> [PROVIDED DATA]
================

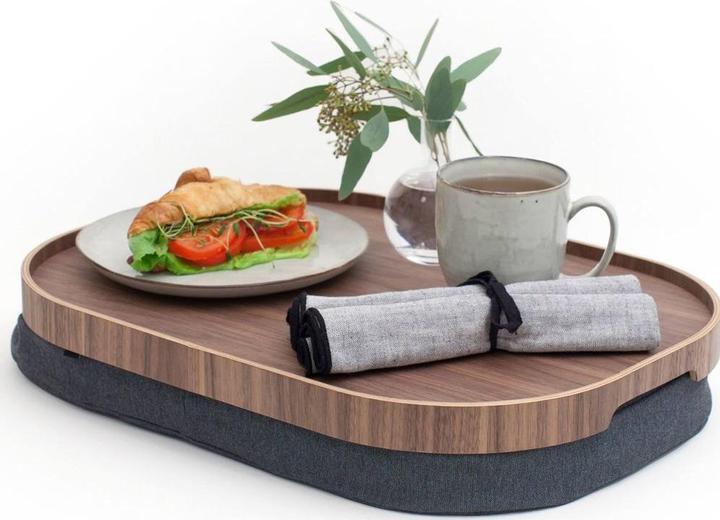 Immagine prodotto Bosign vassoio per laptop grande cuscino in noce
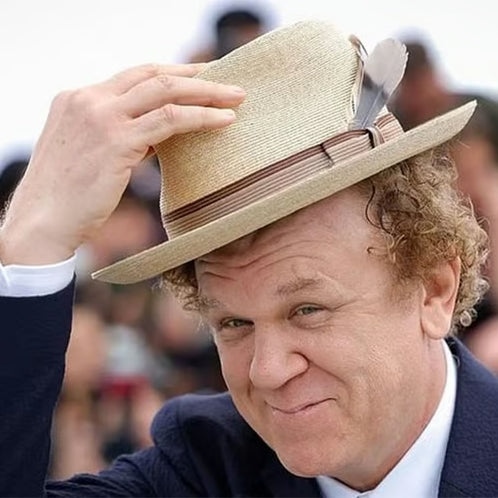 Teardrop Straw Hat
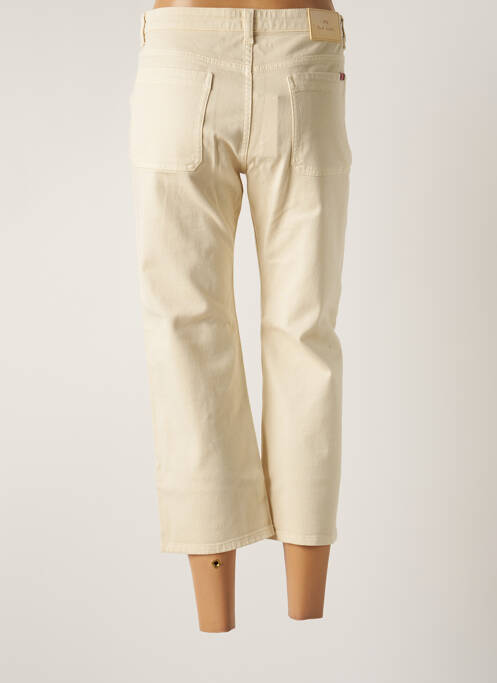 Jean coupe Mom blanc PAUL SMITH pour femme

================

> [WHAT THE TASK ASKS]
Drop the pictures, then repeat the material word for word.

> [ANSWER BOX]
 Immagine prodotto Bosign vassoio per laptop grande cuscino in noce
 Teardrop Straw Hat
 Jean coupe Mom blanc PAUL SMITH pour femme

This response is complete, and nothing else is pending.